John Woo cocciutamente si spoglia di se stesso, dai suoi eccessi ai suoi marchi di fabbrica, confezionando un film che dopo mezz’ora si autocondanna a una pneumatica ripetizione/esecuzione di luoghi comuni, tutti a “sostegno della tesi” della duttilità (dubbia) dell’idea filmica, fino a un finale che purtroppo non lascia il segno. 

Anche perché oltre al protagonista i personaggi non esistono, e non possono esistere, proprio per la mancanza ricercata di qualsiasi dialogo. Anche perché, per l’ossessione di stare solo sul protagonista, dentro il suo unico mondo sensoriale/emotivo, non veniamo forniti di ulteriori punti di vista, che avrebbero trasformato la pellicola magari in qualcosa di più felicemente strutturato. Gli spunti c’erano e uno poteva essere la “ragazza del boss”: un personaggio che vive in equilibrio tra lo sballo degli stupefacenti, le armi da taglio e la musica disco. Un personaggio che avrebbe potuto, e magari dovuto, vivere parallelamente nella trama, in modo speculare al padre vendicatore, creando con lui un doppio balletto sensoriale/emotivo. 

John Woo è come rimasto ingabbiato nella affascinante trappola estetica alla base di questo progetto. 

Gli stunt fisici e con i mezzi funzionano, ma sono già stati visti e digeriti più volte, non ci appaiono “nuovi”. 

L’incedere del giustiziere verso lo scontro finale non possiede particolari guizzi, ripetendosi stranamente da topos a topos, fino a un cliffhanger che sul piano emotivo e visivo è troppo depotenziato: anche perché, come già sopra esposto, noi questi personaggi non li conosciamo e non siamo mai stati messi nella condizione di conoscerli. 

Il silenzio in sala diventa minuto dopo minuto sempre più soffocante, fino a voler urlare. 

Fa male dirlo. 

Fa male vederlo. 

Forse a qualcuno però questa dimensione può piacere, ma si poteva davvero fare tanto di più ed era alla portata di mano farlo. L’uomo che ha riscritto il genere action si è perso in se stesso fino a essersi reso quasi irriconoscibile, inseguendo un unico grande esercizio di stile, dimenticandosi quasi tutto quanto rendeva i suoi film freschi, divertenti ed adrenalinici. 

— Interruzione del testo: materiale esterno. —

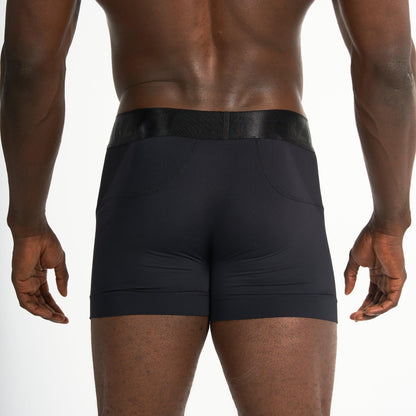 Boxerbriefs For Men Activewear RZIST Jet Black Boxerbriefs - RZIST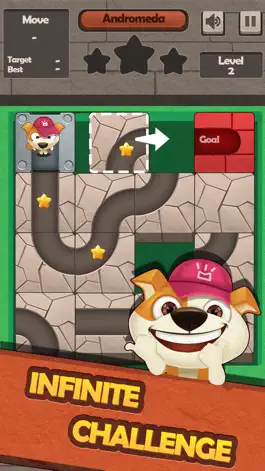 Game screenshot Slide Puzzle Puppy Rescue hack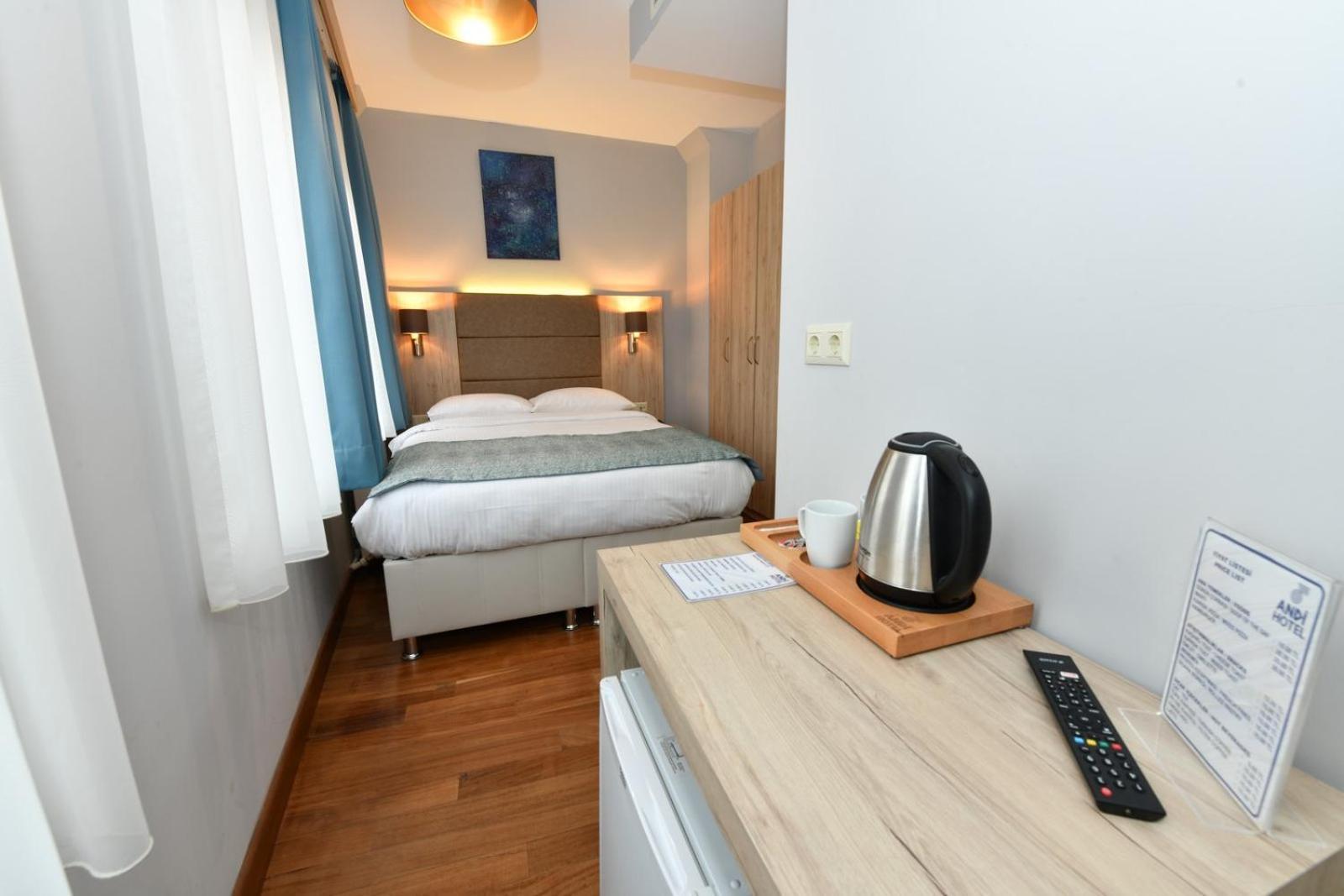 Andi Hotel Istanboel Buitenkant foto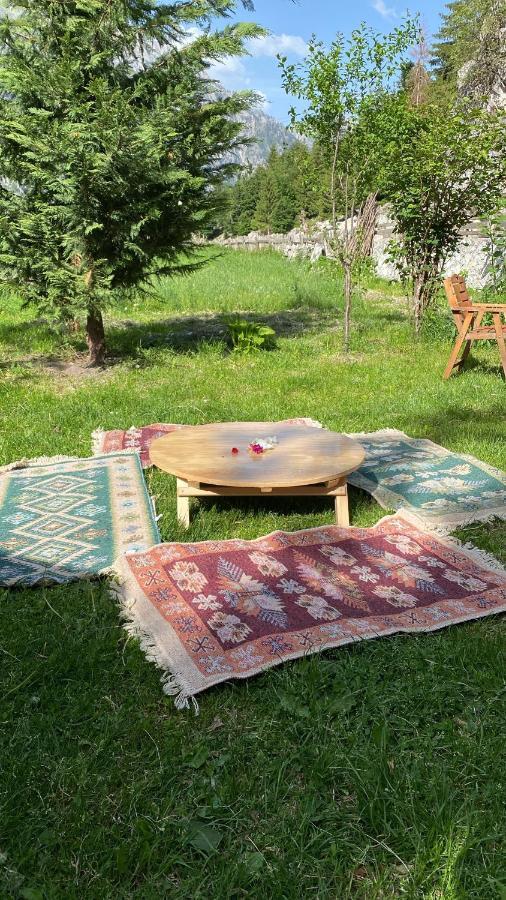 Guesthouse Demushi Valbone Buitenkant foto
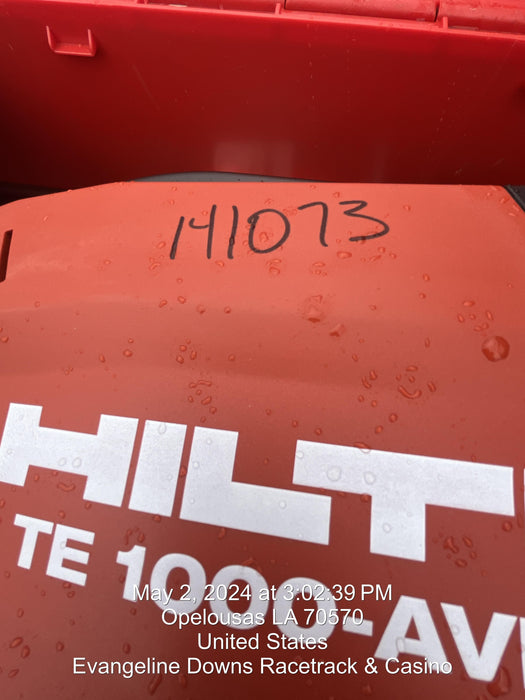 2021 HILTI TE 1000-AVR
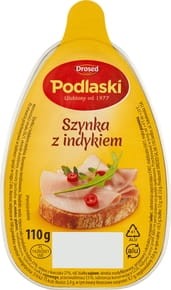 SZYNKA Z INDYKIEM 110G DROSED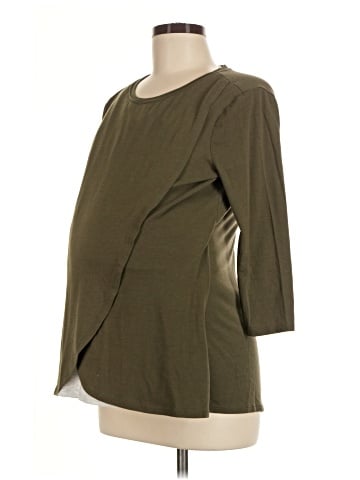 Motherhood 3/4 Sleeve T-Shirt (view 1)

Un film di una mezz’ora racchiuso tra due palloncini rossi che volano in cielo e nulla più, avvolto in un vuoto statico-emotivo ridondante simile a un incubo di altri 80 minuti: che può piacere a livello di idea ma anche stancare presto. 

A meno che non ci si innamori pazzamente dell’idea di fondo, decidendo che tutto il resto può anche non esistere. È una scelta che qualche fan legittimamente può fare, ma da questa prospettiva Silent Night si guarda come una lectio magistralis universitaria e non come un action movie. 

Forse anche chi è in cerca di un dolby digital applaudirà il tech demo sonoro offerto dal film, magari sfoggiandolo con gli amici per una serata. Per gli altri c’è molto di meglio in giro, e il meglio viene in gran parte dallo stesso regista di questa pellicola. 

È bello che John Woo, in qualsiasi forma, continui ancora a scrivere la storia degli action movie.

È sempre bello trovarlo anche lontano da The killer, Red Cliff e gli altri blockbuster, magari pure in progetti piccoli o un po’ maldestri come La congiura della pietra nera, Paycheck o  questo Silent Night

Silent Night “è bello, ma non balla”.